For me, longer hair was always easier to style. My hair has curls at certain length and shorter is actually harder to control. I use a blow dryer so the hair mostly behaves.
At a certain age, men must justify the wearing of hair over a specific length. If I had arms full of tattoos, that would be acceptable, or if I wore an earring. If I wore hats, that would be acceptable. Hell, if I wore a cape and twirled a walking stick, those would be acceptable. There is nothing wrong with any of those, although the cape is a bit presumptuous, but society selectively sets conditions on appearance.
The way I see it, if I was in a job that catered to clients needing a certain professional image, fine. There are legitimate reasons to adapt for a profession that embodies a prescribed image. If I was hobnobbing with the elite of the business community where image has a currency, no problem.

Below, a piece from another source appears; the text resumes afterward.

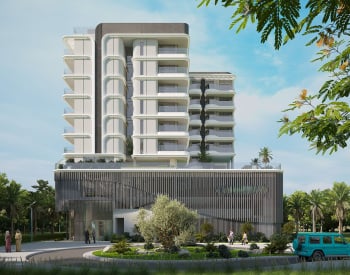 Dubai Islands’da Özel Plaj Erişimi Sunan Daireler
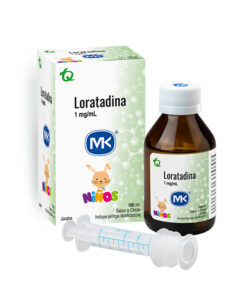 LORATADINA JBE 1 MG MK FCO X 100 ML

I used to be part of that, so I not only understand, I did it for many years. I get all of the professional reasons, if they applied.
It seems when you reach some age it is expected that appearance conform to what some people think. Go to a rock concert for a band or musician from the classic rock period. You’ll see lawyers, doctors, accountants, money managers, etc. who are letting their freak flag fly. These conservative professionals by day are hippy wannabes when they hear anything from the era of “Born to Be Wild” or “Smoke On the Water.”

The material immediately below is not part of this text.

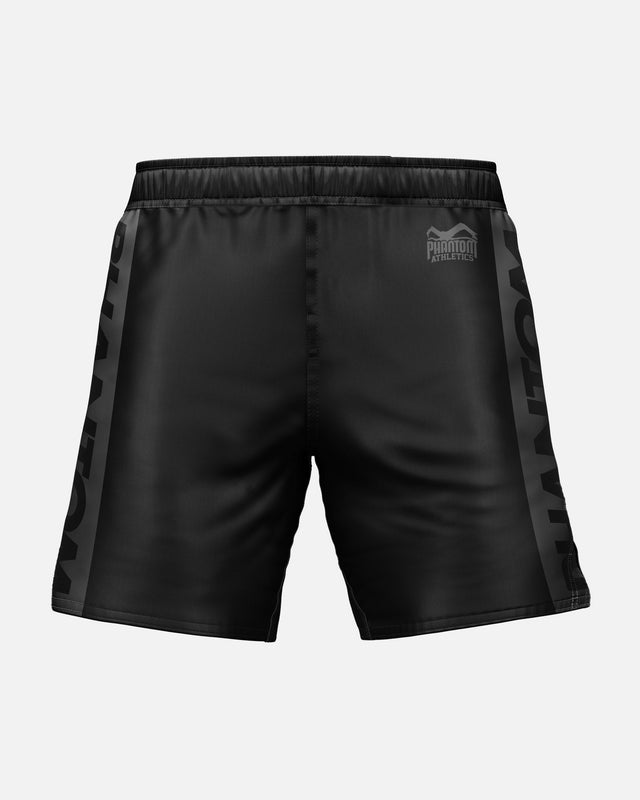 Pantalones de MMA Phantom Athletics EVO Apex – Negro/Gris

We are all conformers to a certain degree. Society conforms us, family conforms us, friends, schools, clubs, religion, jobs, everything has the potential to shape our views and attitudes, and makes us part of something, and introduces us to cultural norms.
Conversely, doesn’t our democratic society allow us to think for ourselves, educate us to open our minds, introduce us to art forms for more opportunities for expression, and isn’t maturity providing us with wisdom to consider all of the information and make informed decisions and life choices?

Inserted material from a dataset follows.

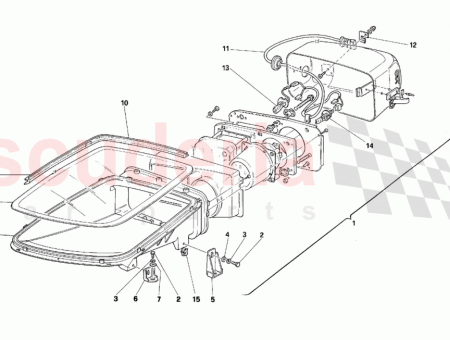 Photo of R H gasket…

We synthesize all of the data and experiences around us, apply a healthy portion of social norms and feed it into our internal computers. This reminds me of the old IBM punch cards that contained data punched onto each card. Those punch holes were important, like impressions on our lives. Hundreds or thousands of cards were fed into a big mainframe computer. Even the program was activated by some of those cards. We are not programmed by cards or codes, although our values and beliefs systems are like computer programs. At the end of the computer run is this big stack of printed sheets. Those are our actions. Thankfully, all of that happens in your head, you don’t have to carry large boxes of punch cards to the computer center, neurons do the work for you.
Last week, I texted my stylist and inquired about an appointment, I was ready for a trim. I was surprised she could fit me in that day, so I went. Interesting, some of the stylists and patrons were not wearing face coverings and were certainly with six feet of each other. Disappointing, but that is a story for another rant.
The simple answer for why I wear my hair longer is to provide warmth for the neurons in my head. They like it. So do I. Or, maybe I never grew up. There’s that possibility.